Wollt schon vorher gern wissen ob es ein schlanker Browser ist mit sehr geringer Sys auslastung. Aber trotzdem danke


----------



## NuTSkuL (15. Januar 2012)

schau mal hier. hab zwar das teil noch nie in aktion gesehen und  das letzte update ist auch schon über ein jahr her, aber die beschreibung sieht vielversprechend aus.


----------



## Richtschütze (15. Januar 2012)

Hmmm. danke, mal reinschauen.. Obwohl mich etwas stört das daran nicht weiterentwickelt wird.

Gruß.


----------



## NuTSkuL (15. Januar 2012)

das sollte weniger das problem sein. denn der browser wird die hauptaufgabe haben, resourcen schonend zu sein. was will man noch weiter entwickeln, wenn alles läuft


----------



## Richtschütze (15. Januar 2012)

Bei Firefox läuft auch alles und es wird entwickelt.

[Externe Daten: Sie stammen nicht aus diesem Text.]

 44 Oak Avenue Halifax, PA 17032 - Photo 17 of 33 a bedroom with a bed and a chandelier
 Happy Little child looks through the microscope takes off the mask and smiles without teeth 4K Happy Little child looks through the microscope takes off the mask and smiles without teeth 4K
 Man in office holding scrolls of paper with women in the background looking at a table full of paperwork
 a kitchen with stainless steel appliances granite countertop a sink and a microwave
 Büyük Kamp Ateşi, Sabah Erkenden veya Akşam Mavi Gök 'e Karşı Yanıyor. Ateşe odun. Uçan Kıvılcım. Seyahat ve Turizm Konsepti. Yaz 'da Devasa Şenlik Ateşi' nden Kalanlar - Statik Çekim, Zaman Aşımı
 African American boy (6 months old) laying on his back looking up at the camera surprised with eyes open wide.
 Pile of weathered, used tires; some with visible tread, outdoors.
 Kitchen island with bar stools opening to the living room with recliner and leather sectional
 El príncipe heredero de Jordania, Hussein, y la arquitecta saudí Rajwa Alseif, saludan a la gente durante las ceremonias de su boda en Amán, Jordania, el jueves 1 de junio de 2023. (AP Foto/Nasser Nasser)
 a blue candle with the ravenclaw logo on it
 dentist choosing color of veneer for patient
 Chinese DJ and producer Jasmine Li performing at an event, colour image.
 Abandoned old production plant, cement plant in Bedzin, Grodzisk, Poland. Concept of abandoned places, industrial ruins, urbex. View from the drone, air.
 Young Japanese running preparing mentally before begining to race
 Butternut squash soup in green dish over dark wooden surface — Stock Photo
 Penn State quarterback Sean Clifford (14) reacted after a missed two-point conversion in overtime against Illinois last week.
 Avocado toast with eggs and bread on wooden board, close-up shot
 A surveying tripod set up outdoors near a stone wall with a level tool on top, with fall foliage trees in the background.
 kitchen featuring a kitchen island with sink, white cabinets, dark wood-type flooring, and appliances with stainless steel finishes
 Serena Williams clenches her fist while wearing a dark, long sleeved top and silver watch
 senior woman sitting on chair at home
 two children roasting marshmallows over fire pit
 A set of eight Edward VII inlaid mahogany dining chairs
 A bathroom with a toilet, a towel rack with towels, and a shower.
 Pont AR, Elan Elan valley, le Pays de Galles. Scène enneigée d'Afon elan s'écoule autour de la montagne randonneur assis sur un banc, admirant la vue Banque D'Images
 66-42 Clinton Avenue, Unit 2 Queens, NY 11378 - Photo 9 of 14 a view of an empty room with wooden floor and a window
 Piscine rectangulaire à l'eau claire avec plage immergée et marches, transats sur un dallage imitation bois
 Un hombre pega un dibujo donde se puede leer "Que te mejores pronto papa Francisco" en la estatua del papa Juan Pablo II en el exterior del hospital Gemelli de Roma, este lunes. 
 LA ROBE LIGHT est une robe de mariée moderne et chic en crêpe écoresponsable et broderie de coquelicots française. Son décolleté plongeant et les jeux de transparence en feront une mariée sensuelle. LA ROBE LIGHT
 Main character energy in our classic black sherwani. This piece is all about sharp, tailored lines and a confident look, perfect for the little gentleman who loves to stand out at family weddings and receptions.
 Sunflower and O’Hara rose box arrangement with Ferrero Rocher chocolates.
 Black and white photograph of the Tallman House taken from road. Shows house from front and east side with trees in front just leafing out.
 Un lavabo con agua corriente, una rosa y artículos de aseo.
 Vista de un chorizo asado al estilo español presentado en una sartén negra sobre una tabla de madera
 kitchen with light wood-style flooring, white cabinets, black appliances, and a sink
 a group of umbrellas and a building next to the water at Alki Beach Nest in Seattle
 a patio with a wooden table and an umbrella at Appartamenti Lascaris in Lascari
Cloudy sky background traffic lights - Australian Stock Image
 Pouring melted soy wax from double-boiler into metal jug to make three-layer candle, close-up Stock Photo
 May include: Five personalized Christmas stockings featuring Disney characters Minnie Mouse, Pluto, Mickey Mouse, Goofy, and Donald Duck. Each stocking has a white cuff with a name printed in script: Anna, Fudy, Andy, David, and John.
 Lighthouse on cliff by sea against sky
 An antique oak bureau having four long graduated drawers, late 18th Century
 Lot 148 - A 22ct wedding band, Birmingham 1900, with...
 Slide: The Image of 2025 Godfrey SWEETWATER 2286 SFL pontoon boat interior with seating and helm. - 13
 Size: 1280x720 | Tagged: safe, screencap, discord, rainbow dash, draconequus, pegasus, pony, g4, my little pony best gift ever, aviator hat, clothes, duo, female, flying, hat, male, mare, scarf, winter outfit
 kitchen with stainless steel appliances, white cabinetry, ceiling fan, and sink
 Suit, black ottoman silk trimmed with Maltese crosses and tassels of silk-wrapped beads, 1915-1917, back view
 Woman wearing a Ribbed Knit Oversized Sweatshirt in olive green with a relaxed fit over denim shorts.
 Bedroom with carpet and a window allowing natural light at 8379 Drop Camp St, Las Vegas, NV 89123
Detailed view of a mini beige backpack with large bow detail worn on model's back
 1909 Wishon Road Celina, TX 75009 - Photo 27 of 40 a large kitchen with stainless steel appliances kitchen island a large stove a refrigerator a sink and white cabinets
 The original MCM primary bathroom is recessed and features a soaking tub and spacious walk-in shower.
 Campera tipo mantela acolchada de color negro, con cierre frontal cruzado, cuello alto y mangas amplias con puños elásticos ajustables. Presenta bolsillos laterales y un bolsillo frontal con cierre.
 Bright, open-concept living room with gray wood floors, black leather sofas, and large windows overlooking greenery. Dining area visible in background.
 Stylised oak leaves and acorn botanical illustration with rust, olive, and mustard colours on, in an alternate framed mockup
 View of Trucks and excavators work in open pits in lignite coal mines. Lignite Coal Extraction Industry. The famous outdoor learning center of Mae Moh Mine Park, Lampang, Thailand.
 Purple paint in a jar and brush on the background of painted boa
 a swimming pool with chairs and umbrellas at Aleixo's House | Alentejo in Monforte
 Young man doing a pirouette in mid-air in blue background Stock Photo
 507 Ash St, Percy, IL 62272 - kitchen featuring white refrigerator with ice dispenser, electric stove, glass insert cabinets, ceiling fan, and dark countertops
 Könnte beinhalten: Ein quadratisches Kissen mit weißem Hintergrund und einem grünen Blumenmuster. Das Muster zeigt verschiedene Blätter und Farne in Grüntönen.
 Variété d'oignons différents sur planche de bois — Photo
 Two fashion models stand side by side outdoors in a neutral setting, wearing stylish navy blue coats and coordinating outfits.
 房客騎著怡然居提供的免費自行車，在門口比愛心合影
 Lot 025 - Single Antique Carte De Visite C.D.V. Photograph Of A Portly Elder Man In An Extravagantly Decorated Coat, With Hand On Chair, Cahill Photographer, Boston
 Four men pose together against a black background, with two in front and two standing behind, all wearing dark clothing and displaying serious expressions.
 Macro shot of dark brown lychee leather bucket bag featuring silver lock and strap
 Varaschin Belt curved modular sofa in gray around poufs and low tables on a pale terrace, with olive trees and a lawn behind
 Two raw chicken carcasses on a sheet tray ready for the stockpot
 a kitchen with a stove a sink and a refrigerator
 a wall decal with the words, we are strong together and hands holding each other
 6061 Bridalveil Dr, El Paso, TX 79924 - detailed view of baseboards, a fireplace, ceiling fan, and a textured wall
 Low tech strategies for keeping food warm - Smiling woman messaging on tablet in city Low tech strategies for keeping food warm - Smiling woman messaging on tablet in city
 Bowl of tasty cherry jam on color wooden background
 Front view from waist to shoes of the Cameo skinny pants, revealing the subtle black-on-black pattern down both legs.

Mein win7 läuft auch und es kommen immer diese updates, keine Ahnung was das soll?


----------



## Richtschütze (15. Januar 2012)

Sry. Doppelpost.
Hab mal getestet den Browser. Er nimmt wirklich sehr wenig Sys. Recourcen. Habe aber das Problem das zb. bei Facebook nicht alles angezeigt wird. Das schaut so aus wie bei Firefox mit noscript addon und teilweise verbotenen scripten. Wie aktiviert man das ?


----------